**Assigned task**
Exactly the lines from the one containing "Un primar din" through the end of the data below are to be reproduced, and nothing besides them.

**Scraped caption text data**
▶

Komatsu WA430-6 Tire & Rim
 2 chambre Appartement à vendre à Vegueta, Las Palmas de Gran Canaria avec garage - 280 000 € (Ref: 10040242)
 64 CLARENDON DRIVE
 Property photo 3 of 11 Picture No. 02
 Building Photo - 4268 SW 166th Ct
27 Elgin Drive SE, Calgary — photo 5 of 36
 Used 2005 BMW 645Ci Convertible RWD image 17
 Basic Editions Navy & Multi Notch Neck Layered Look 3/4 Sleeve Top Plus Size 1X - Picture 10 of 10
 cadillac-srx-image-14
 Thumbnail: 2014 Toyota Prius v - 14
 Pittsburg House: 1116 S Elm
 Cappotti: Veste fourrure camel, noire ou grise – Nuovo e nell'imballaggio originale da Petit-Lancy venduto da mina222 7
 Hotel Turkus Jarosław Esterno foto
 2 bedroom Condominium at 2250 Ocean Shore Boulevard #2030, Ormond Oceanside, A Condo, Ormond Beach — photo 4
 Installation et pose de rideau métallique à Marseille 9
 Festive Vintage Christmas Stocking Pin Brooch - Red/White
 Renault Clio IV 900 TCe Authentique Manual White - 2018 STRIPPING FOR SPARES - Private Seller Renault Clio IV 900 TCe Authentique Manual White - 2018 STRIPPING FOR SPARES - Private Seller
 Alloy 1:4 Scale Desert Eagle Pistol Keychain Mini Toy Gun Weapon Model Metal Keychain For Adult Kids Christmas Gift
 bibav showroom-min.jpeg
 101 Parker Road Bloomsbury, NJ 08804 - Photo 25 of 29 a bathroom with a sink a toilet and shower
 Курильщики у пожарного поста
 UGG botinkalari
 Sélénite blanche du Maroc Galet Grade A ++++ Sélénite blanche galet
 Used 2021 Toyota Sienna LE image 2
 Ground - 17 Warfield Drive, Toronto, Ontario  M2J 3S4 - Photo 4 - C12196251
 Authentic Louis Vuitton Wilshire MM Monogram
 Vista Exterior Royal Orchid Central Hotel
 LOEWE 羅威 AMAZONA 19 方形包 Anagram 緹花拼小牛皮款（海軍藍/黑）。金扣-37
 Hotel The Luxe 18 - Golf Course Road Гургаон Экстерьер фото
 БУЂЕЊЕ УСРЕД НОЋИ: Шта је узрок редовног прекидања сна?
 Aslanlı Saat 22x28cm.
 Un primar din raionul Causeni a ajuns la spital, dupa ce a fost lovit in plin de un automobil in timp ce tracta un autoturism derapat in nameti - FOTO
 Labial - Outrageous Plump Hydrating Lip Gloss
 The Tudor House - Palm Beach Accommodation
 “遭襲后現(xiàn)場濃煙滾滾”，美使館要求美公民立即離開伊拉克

◀

**The answer**
 Un primar din raionul Causeni a ajuns la spital, dupa ce a fost lovit in plin de un automobil in timp ce tracta un autoturism derapat in nameti - FOTO
 Labial - Outrageous Plump Hydrating Lip Gloss
 The Tudor House - Palm Beach Accommodation
 “遭襲后現(xiàn)場濃煙滾滾”，美使館要求美公民立即離開伊拉克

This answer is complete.